(ASSIGNMENT): Write the data out again, character for character, with no images.

(Pictures with short captions):
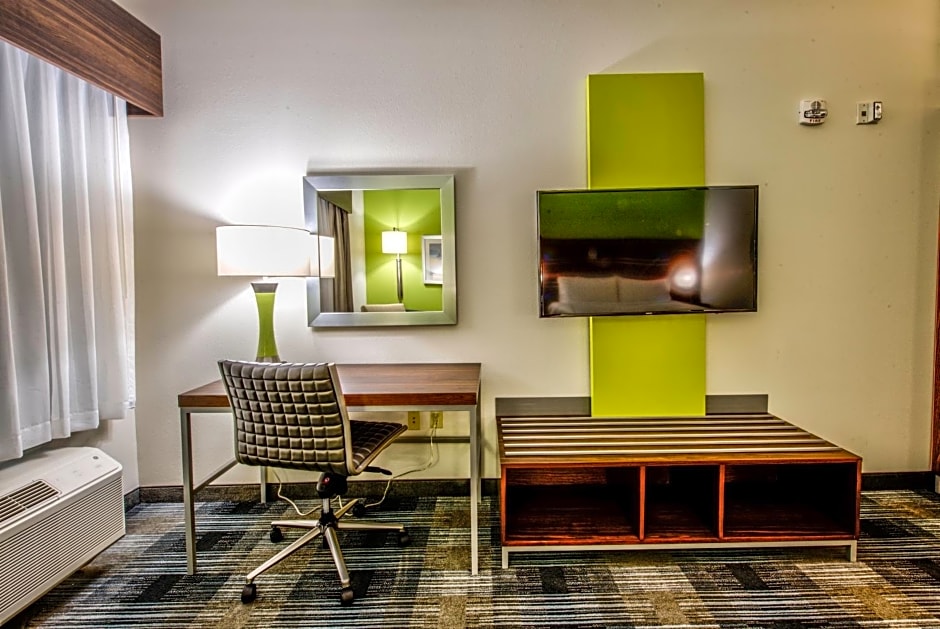 Holiday Inn Express & Suites - Farmers Branch, an IHG Hotel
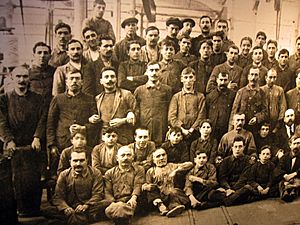 Archivo:129 mNACTEC, la Fàbrica Tèxtil, treballadors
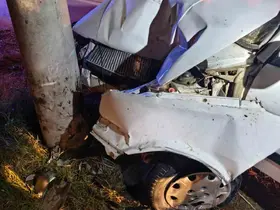 Susurluk’ta otomobil şarampole devrildi:1 yaralı
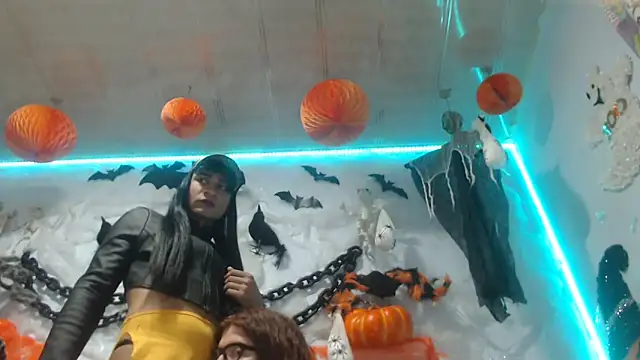 latintransbigcum online show from 11.24.25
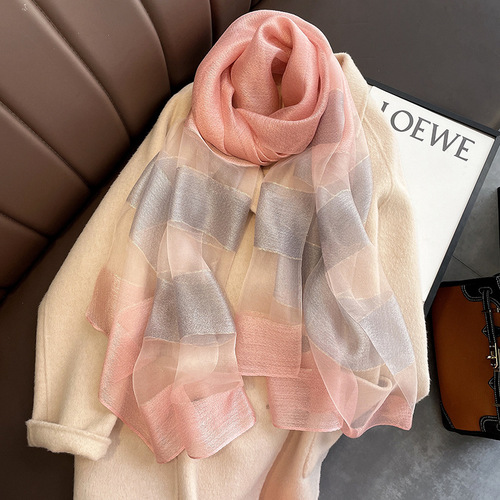  Korean version of the new contrasting color warm scarf, fashionable and stylish gift giving, long shawl, silk blended scarf for women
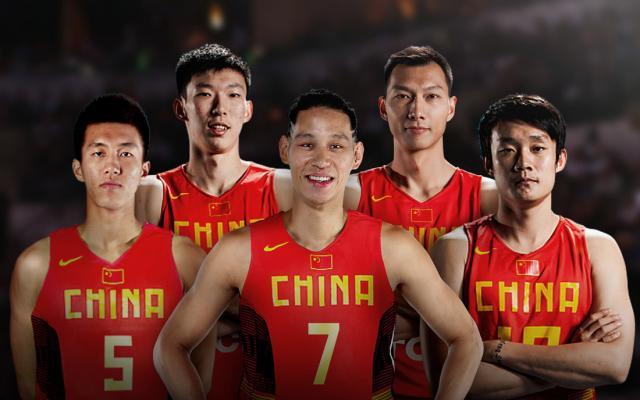 根据国际篮联的规定,参加fiba国际比赛的每个国家,可以拥有1名年满16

(RESULT OF THIS EXERCISE):
 Holiday Inn Express & Suites - Farmers Branch, an IHG Hotel
 Archivo:129 mNACTEC, la Fàbrica Tèxtil, treballadors
 Susurluk’ta otomobil şarampole devrildi:1 yaralı
 latintransbigcum online show from 11.24.25
  Korean version of the new contrasting color warm scarf, fashionable and stylish gift giving, long shawl, silk blended scarf for women
 根据国际篮联的规定,参加fiba国际比赛的每个国家,可以拥有1名年满16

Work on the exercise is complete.